Clinical Manifestations of BPAN in a patient with moderate learning disability

Oghenefejiro Ofovwe (Psychiatry Trainee)
Dr Mo Eyeoyibo (Consultant Psychiatrist)

Abstract

This is a case report of a patient with complex psychiatric presentations with polymorphic symptoms that cut across mental health as well as neuropsychological specialties. We present the case history and diagnosis to highlight the neuropsychiatric manifestations of BPAN in a 26 year old female with moderate learning disability.

We highlight the importance of and need for early genetic testing in all patients presenting with challenging behaviour on a background of early developmental problems and learning disability. We also stress the requirement for mental health professionals to be conversant with neuropsychiatric conditions where diagnoses may be challenging to make while mainly focused on psychiatric presentations.

Introduction

Neurodegeneration with brain iron accumulation (NBIA) is a genetically and clinically heterogeneous group of disorders with the common feature of iron accumulation in the basal ganglia and substantia nigra (1, 2). Beta-propeller protein-associated neurodegeneration (BPAN) is the most recently identified subtype of neurodegeneration with brain iron accumulation (NBIA), with X linked dominant inheritance (3, 4). It is an extremely rare disease typically characterized by early-onset seizures, infantile-onset global developmental delay, intellectual disability, absent to limited expressive language, disordered sleep, motor dysfunction (ataxia), and abnormal behaviours often similar to autism spectrum disorder in childhood, followed by a decline in adulthood with the development of parkinsonism, dystonia and dementia (5, 6). There are also characteristic MRI findings which are more specific in later childhood, adolescence or early adulthood (7).

The diagnosis of BPAN is established on molecular genetic testing by identifying de novo mutations in the WDR45 gene which plays a critical role in autophagy through a WD40 repeat protein with a beta-propeller platform structure (2, 3, 6, 8, 9).
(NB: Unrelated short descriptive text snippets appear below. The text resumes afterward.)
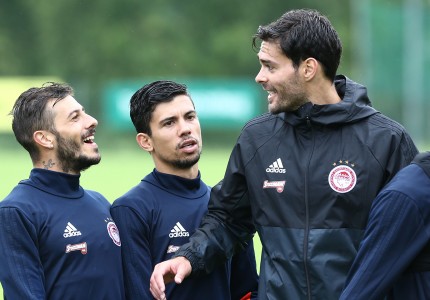 Η σημερινή προπόνηση μέσα από εικόνες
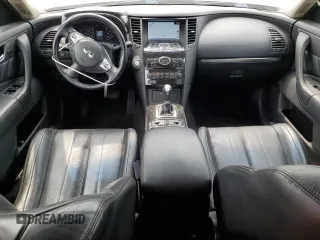 2017 Infiniti QX70 z VIN JN8CS1MW0HM412181, wystawiony jako Copart lot #60594815 z przebiegiem 127 971 mil mil oraz Szkoda całkowita • Salvage title. Historia ofert i sprzedaży dostępna na DreamBid. Obrazek 8.
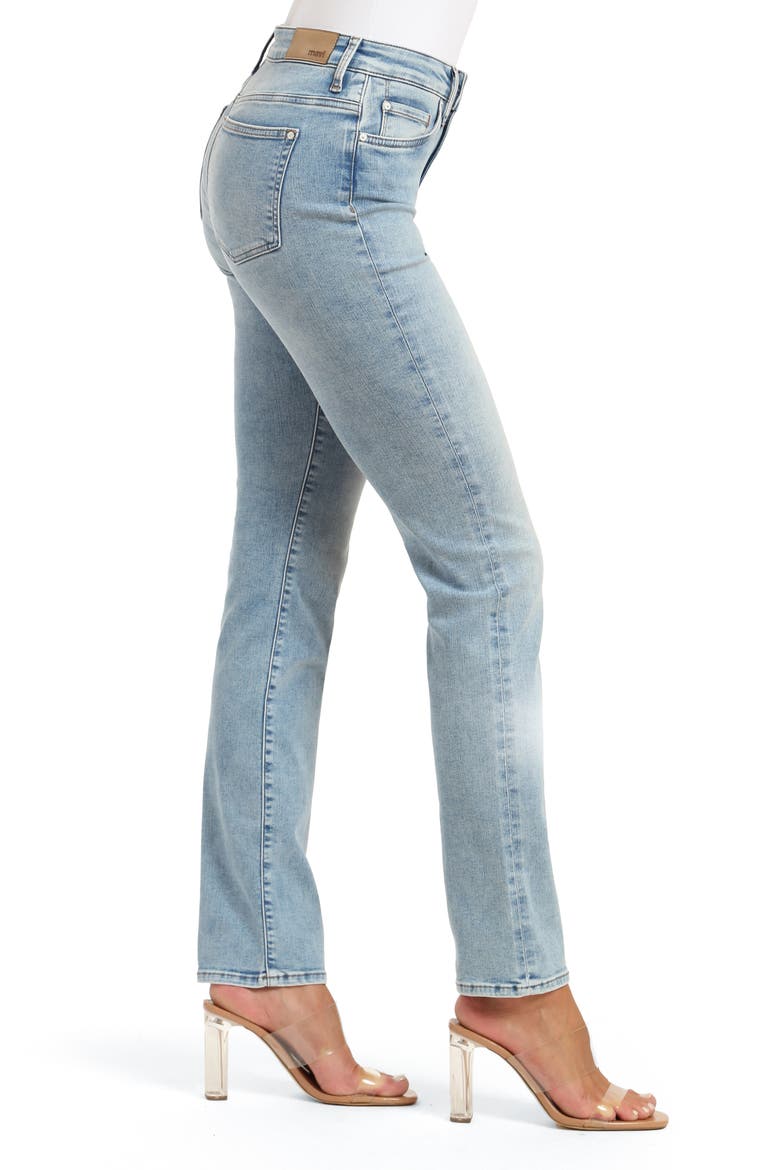 Molly Mid Rise Bootcut Jeans, Alternate, color, LT USED FEATHER BLUE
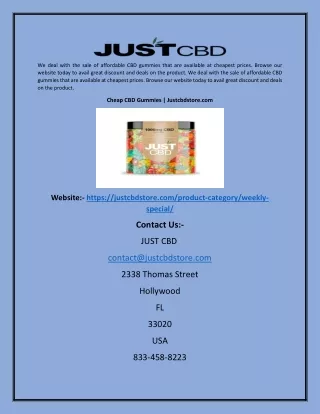we deal with the sale of affordable cbd gummies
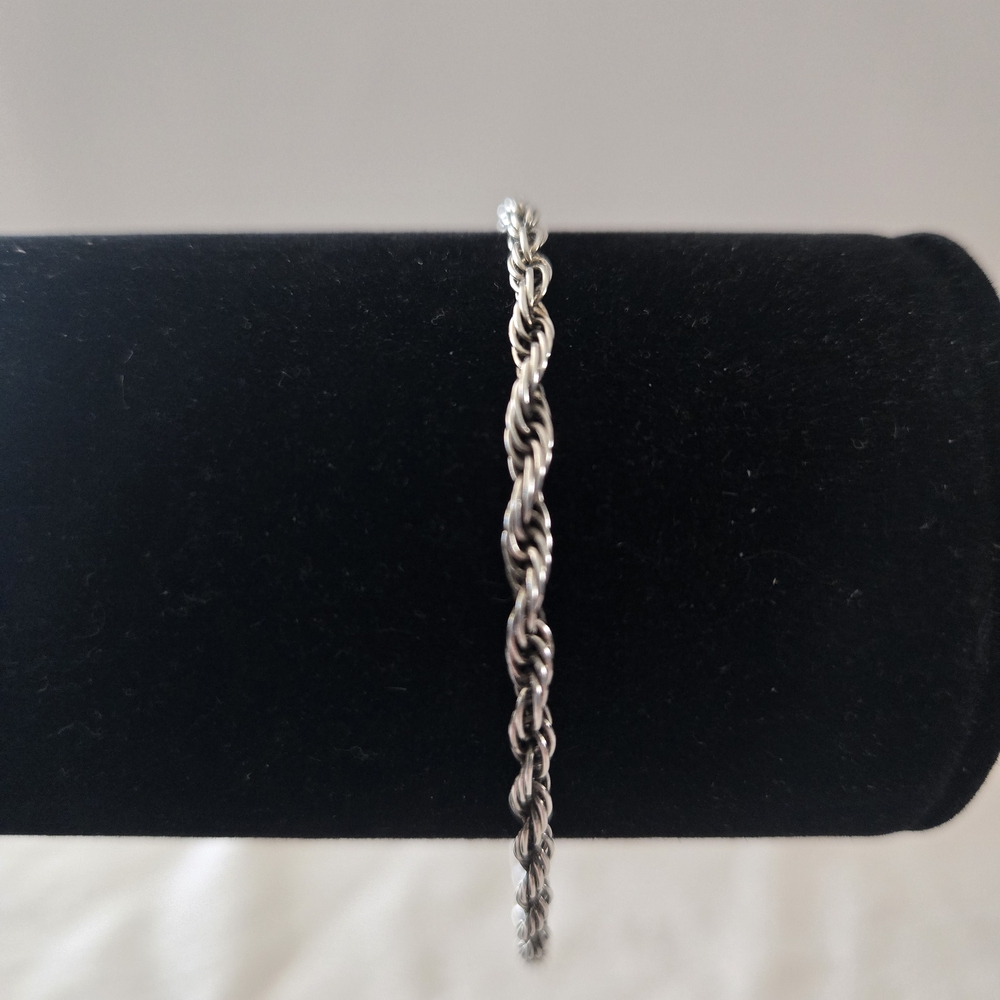 Milor Sterling Silver Twisted Rope Bracelet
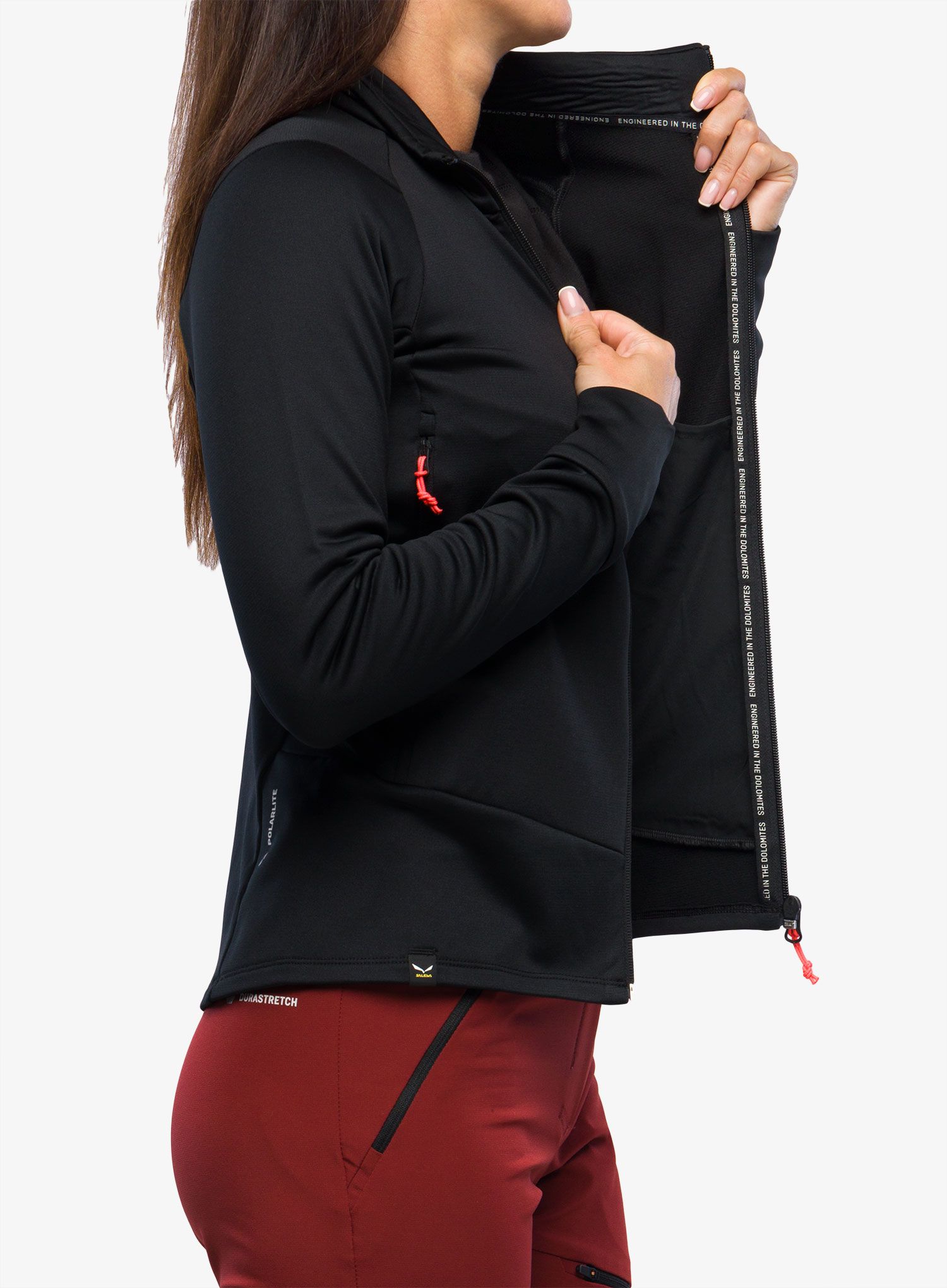 Fleecová mikina dámská Salewa Puez PL Jacket - black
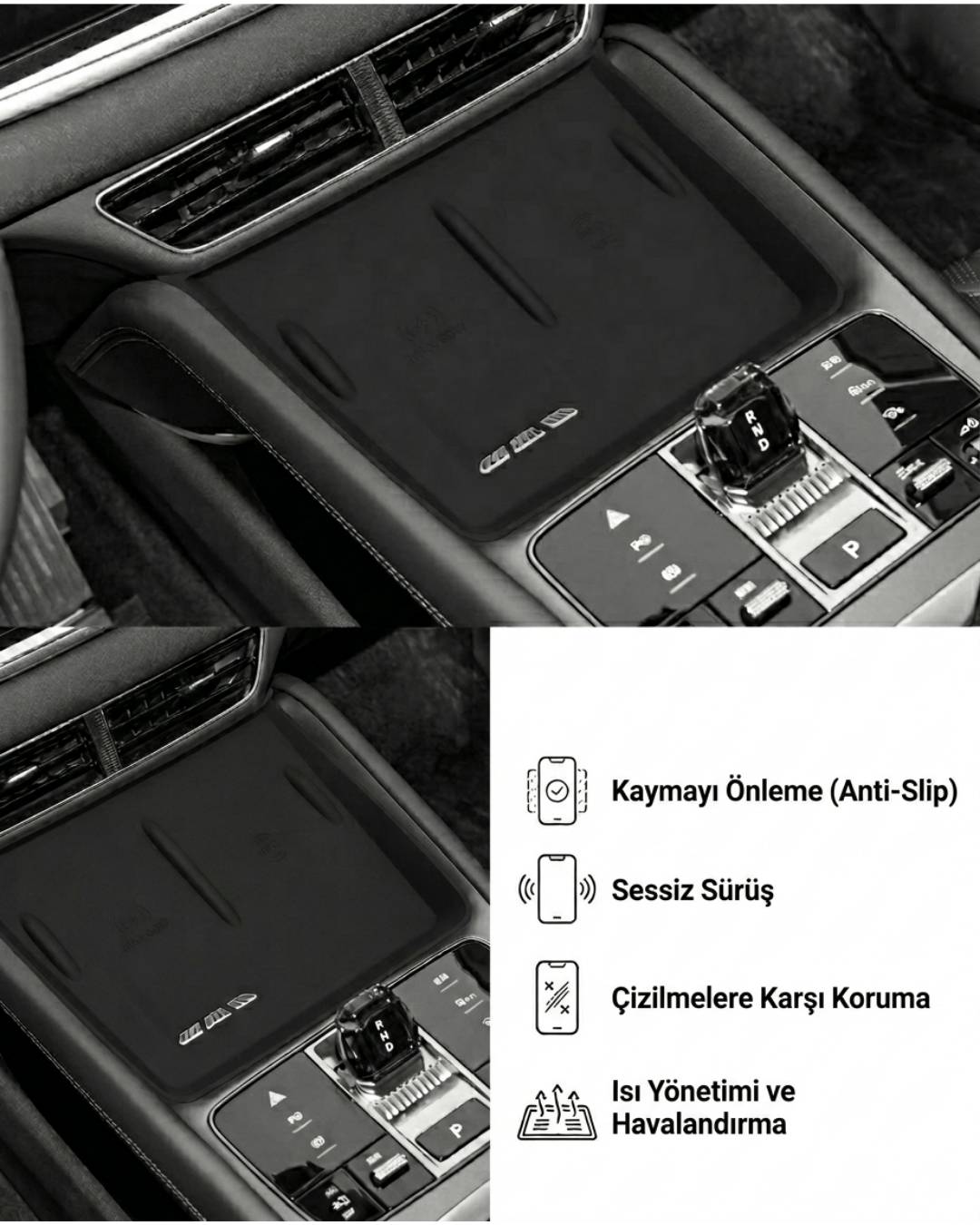 BYD Sealion 7 Kablosuz Şarj Alanı Silikon Ped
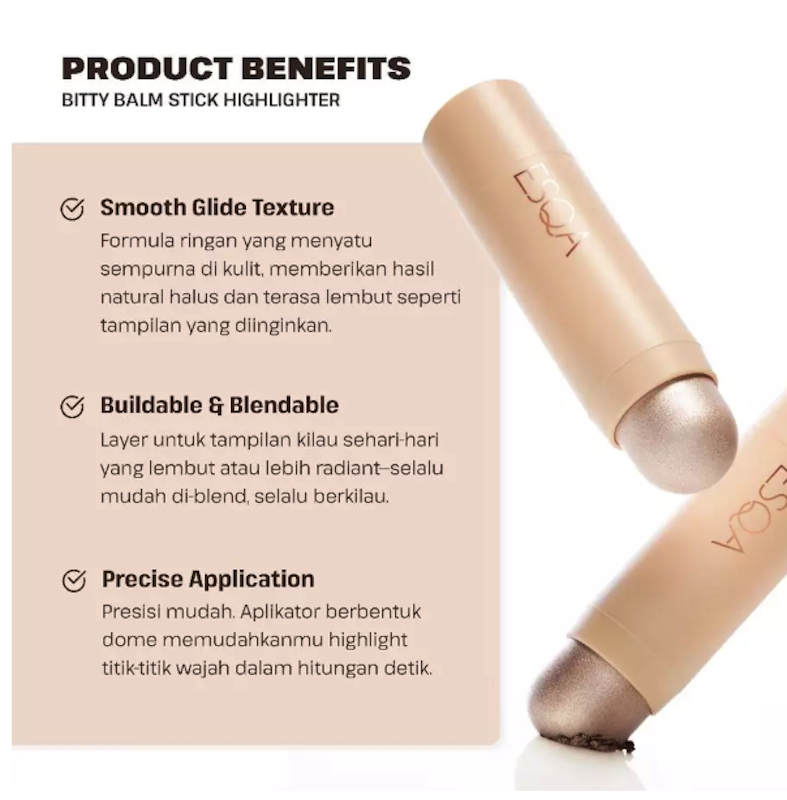 Bitty Balm Stick Highlighter Snow 3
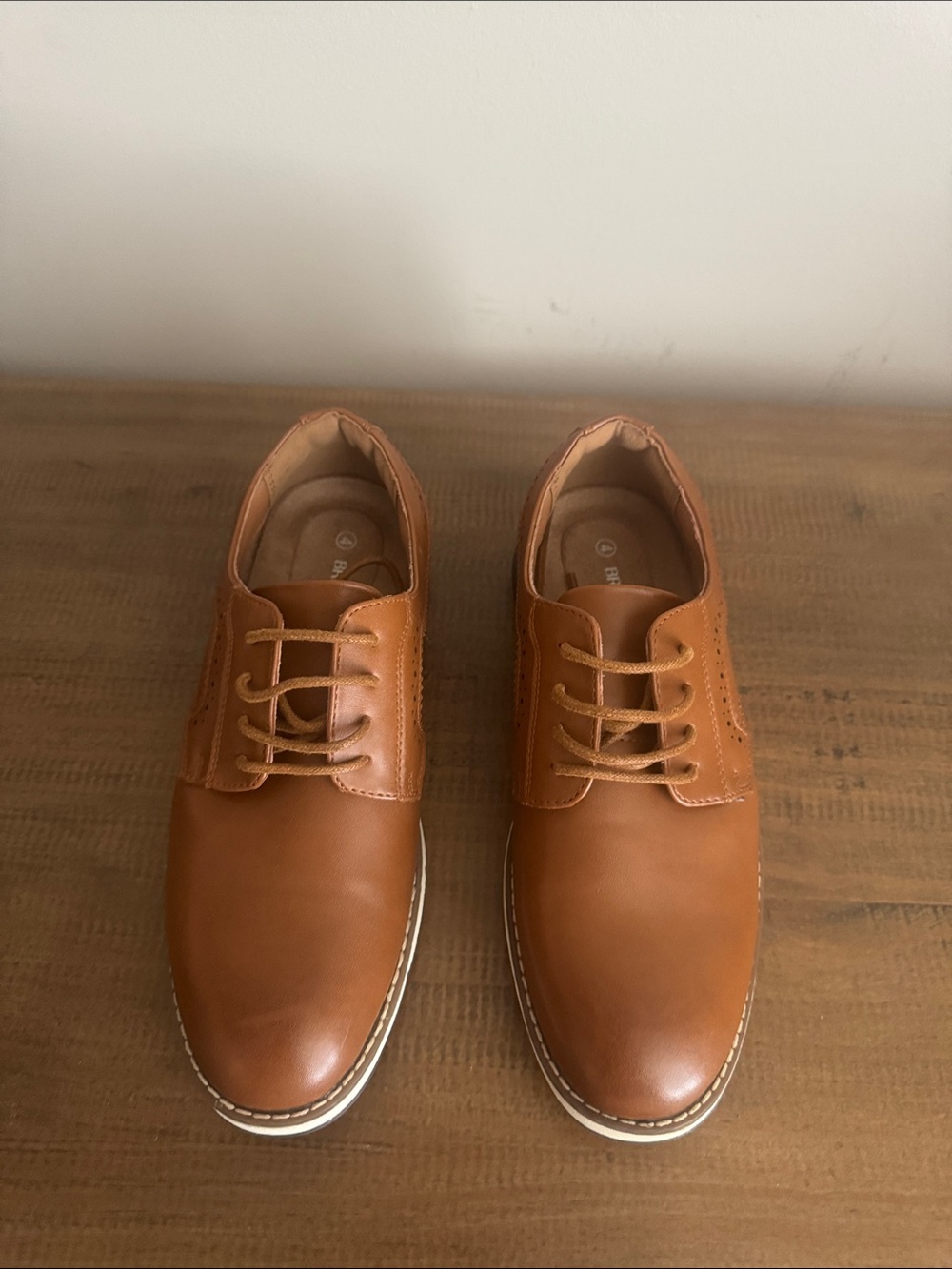 Boys Classic Tan Leather  Shoes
Molecular genetic testing approaches can include a combination of gene-targeted testing (multigene panel or single-gene testing) and genomic testing (comprehensive genome sequencing) depending on the phenotype. Gene-targeted testing requires the clinician to determine which gene(s) are likely involved based on the phenotype, whereas genomic testing may not. In some cases, the phenotype of BPAN may be distinctive enough to warrant single gene-targeted testing, whereas those with a phenotype that is indistinguishable from many other inherited disorders with intellectual disability and neurological findings (including seizures) are more likely to be diagnosed using genomic testing. In cases where a pathogenic variant of WDR45 has been identified in an affected family member, prenatal testing for a pregnancy at increased risk and preimplantation genetic diagnosis for BPAN is possible. (7)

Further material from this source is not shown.